Liu zitierte den Aufruf des russischen Finanzministers Anton Siluanov in diesem Monat an die Brics-Gruppe Brasiliens, Russlands, Indiens, Chinas und Südafrikas, die Verwendung nationaler Währungen auszuweiten und ihre Zahlungssysteme zu integrieren.
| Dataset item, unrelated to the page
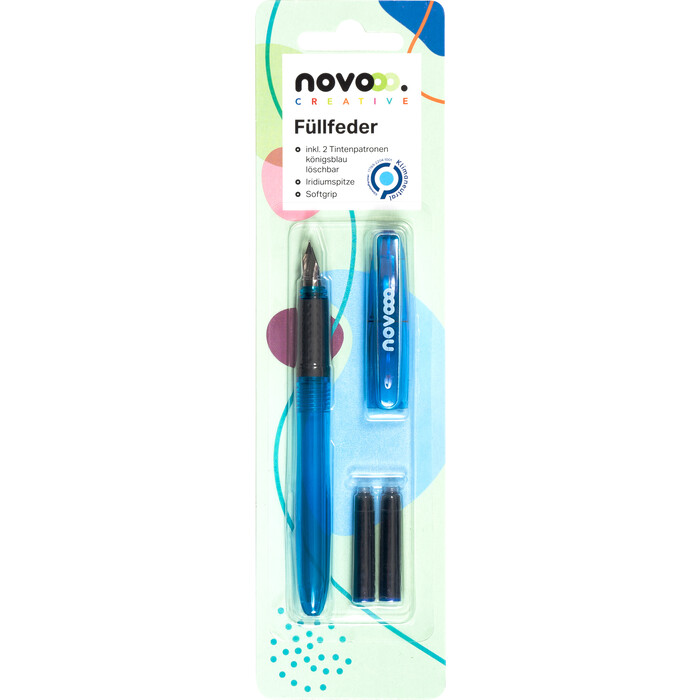 NOVOOO Creative Füllfeder universell blau inkl. 2 Tintenpatronen
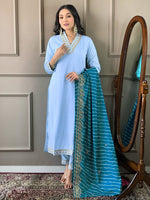 Tasteful Aqua Color Viscose Fabric Designer Suit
Mehrere Experten haben das Schicksal des nordkoreanischen Sanktionsregimes mit dem der zerbrechenden Weltordnung in Verbindung gebracht.

Im vergangenen Monat traf sich der stellvertretende Außenminister Russlands mit dem nordkoreanischen Botschafter in Moskau, um die Verbesserung der bilateralen Beziehungen „im Kontext der Veränderungen auf der internationalen Bühne“ zu erörtern.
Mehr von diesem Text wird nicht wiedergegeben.